# [OT] Gechi Universitari...

## .:deadhead:.

Eccomi al mio primo sondaggione  :Very Happy: 

Leggiucchiando qua e là post vari relativi ad esami dati e professori da dimenticare, m'è venutala curiosità di sapere quanti gechi, in quel di Milano, studiano o hanno studiato in una facoltà informatica. 

Così magari da facilitare gli incontri in carne ed ossa con persone che magari postano ogni giorno con noi sul forum.

Inoltre potrebbe essere d'aiuto a chi tra poco si dovrà iscrivere all'università e vuol avere un parere dagli insider. 

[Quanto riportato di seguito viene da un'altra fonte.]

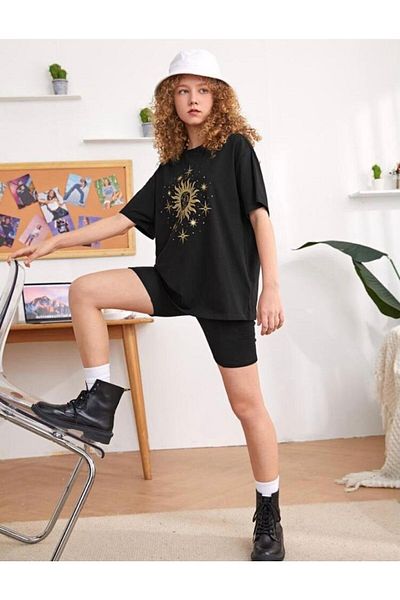 Machetta Dětské tričko Black Girl Sun And Moon s potiskem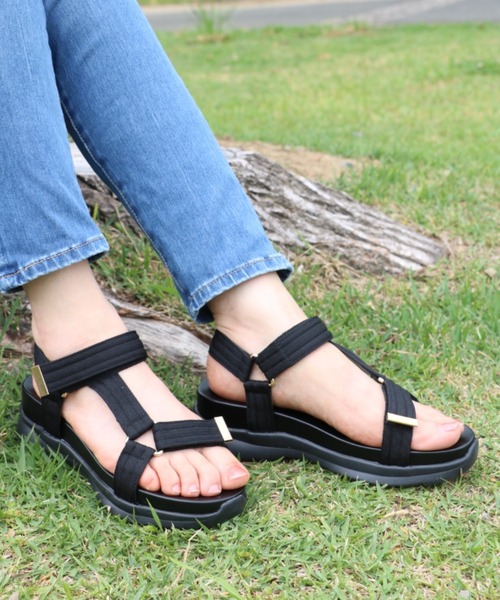 HEAL ME（ヒールミー）の「HEAL ME ヒールミー レディース 厚底スポーツサンダル 224301（サンダル・レディース・ブラック/ベージュ・LL/M/L/S）」の5枚目の写真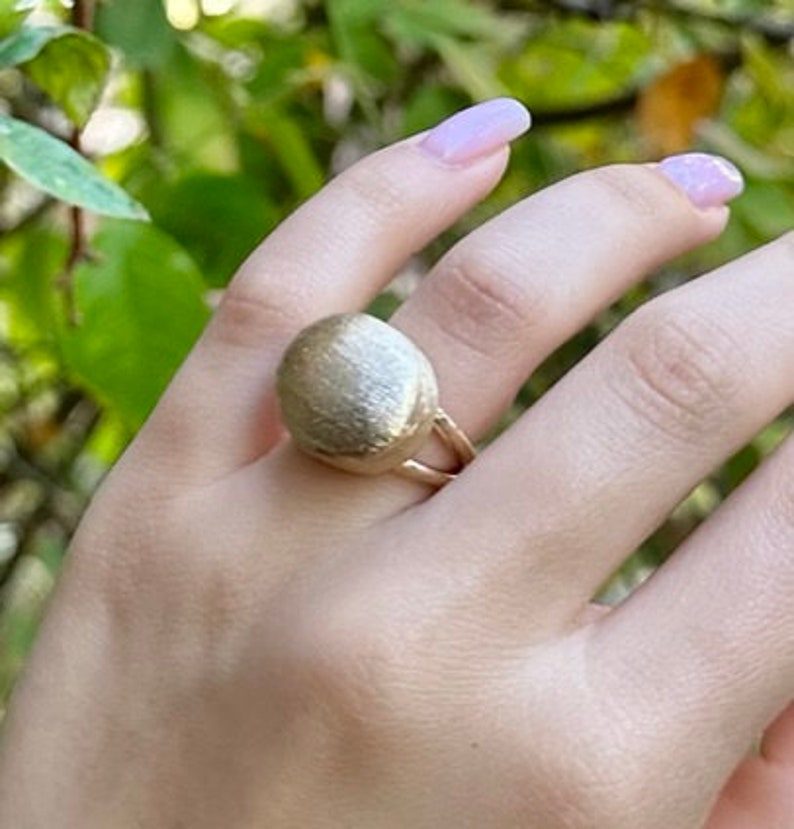 Adjustable Statement Gold Nugget Ring, Large Elegant Freeform Gold Ring, Unique Handmade Ring for Women, Adjustable Size Gold Rock Ring image 4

Quindi sotto a pregi e difetti:laboratori scrausi o eccelsi,prof da evitare come la peste o esami davvero spettacolari...

bye

----------

## shanghai

Ciao,

io studio a Roma  :Very Happy: 

Volevo solo dirti che i tag da usare per etichettare i threads sono cambiati... sono un pò meno e hanno uno scopo differente. Potresti editare il titolo, adeguandoli (o anche omettendoli, in fondo si tratta di un off topic)...

----------

## .:deadhead:.

 *shanghai wrote:*   

> 

   :Embarassed:  te ghe resùn,mo coreggo

----------

## codadilupo

ok .:deadead:. , ora siediti che sto per darti una notizia di quelle da svenimento... in università... NON SI STUDIA SOLO INFORMATICA   :Shocked: 

 :Laughing: 

Coda

----------

## federico

Ok, io ho fatto due anni di ingegneria informatica in quel di Pavia, adesso studio informatica alla statale di Milano.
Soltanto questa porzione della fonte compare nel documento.